#### [TASK INSTRUCTIONS]
Find "this 700×467 image." in the entries below; copy that line through the last, exactly, with no pictures.
START RECORDS TO PROCESS
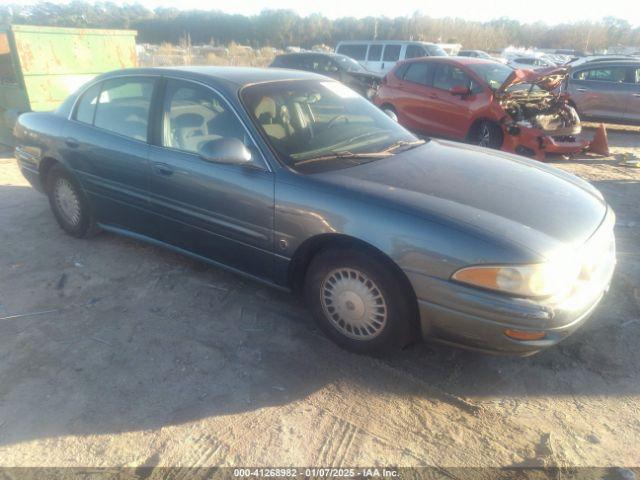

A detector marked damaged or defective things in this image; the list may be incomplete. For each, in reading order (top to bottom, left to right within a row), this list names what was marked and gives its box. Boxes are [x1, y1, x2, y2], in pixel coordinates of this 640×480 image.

red damaged car [376, 56, 592, 159]
crashed red sedan [376, 56, 592, 159]
damaged front end [496, 67, 592, 159]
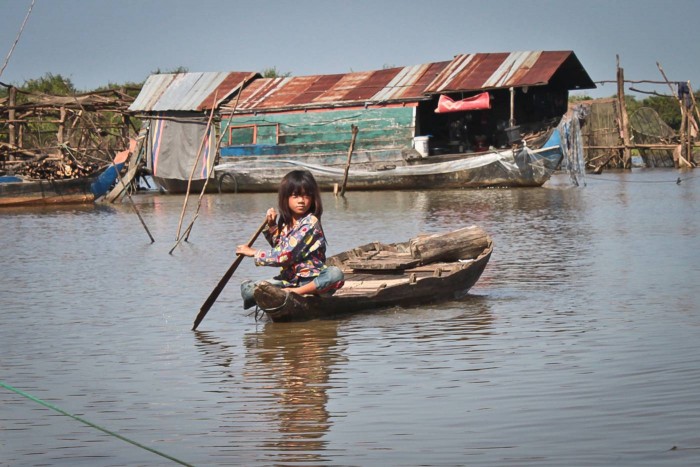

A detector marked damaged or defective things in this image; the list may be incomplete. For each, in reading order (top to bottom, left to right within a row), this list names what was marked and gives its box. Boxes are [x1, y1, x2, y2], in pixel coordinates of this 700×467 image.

rusty metal roof [127, 72, 258, 114]
rusty metal roof [226, 51, 596, 113]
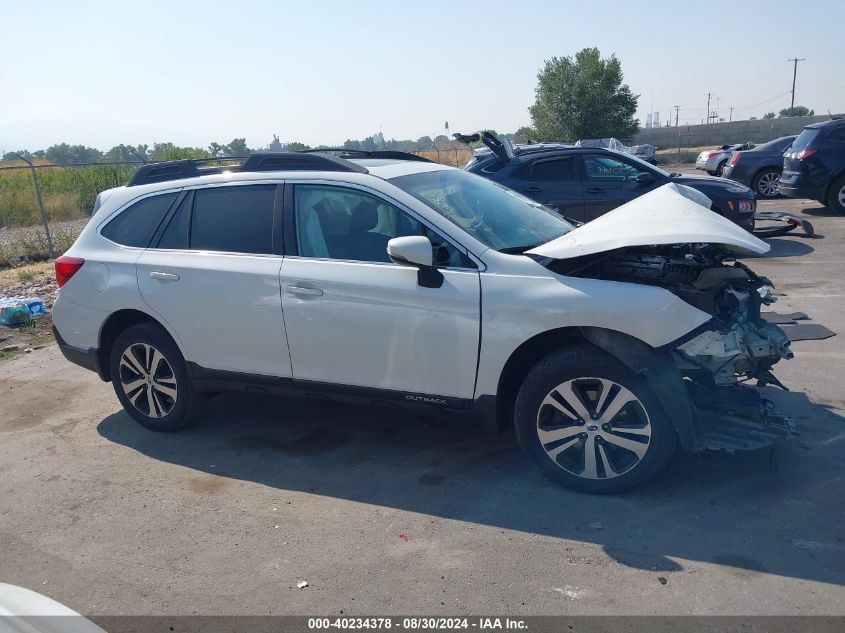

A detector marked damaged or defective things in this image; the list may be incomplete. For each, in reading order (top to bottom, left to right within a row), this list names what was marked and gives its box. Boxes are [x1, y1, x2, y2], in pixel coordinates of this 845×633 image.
END RECORDS TO PROCESS
#### [ANSWER TO THE PROBLEM]
A detector marked damaged or defective things in this image; the list may be incomplete. For each, in reading order (top to bottom, left to right within a row), this list names what was marked and gives its box. Boxes are [x1, y1, x2, y2], in pixel coordinates of this 700×467 image.

rusty metal roof [127, 72, 258, 114]
rusty metal roof [226, 51, 596, 113]

A detector marked damaged or defective things in this image; the list may be incomplete. For each, in reading order (top to bottom, left to right within a row), this list names what was marked and gives its box. Boxes are [x1, y1, x2, y2], in pixel coordinates of this 845×633 image.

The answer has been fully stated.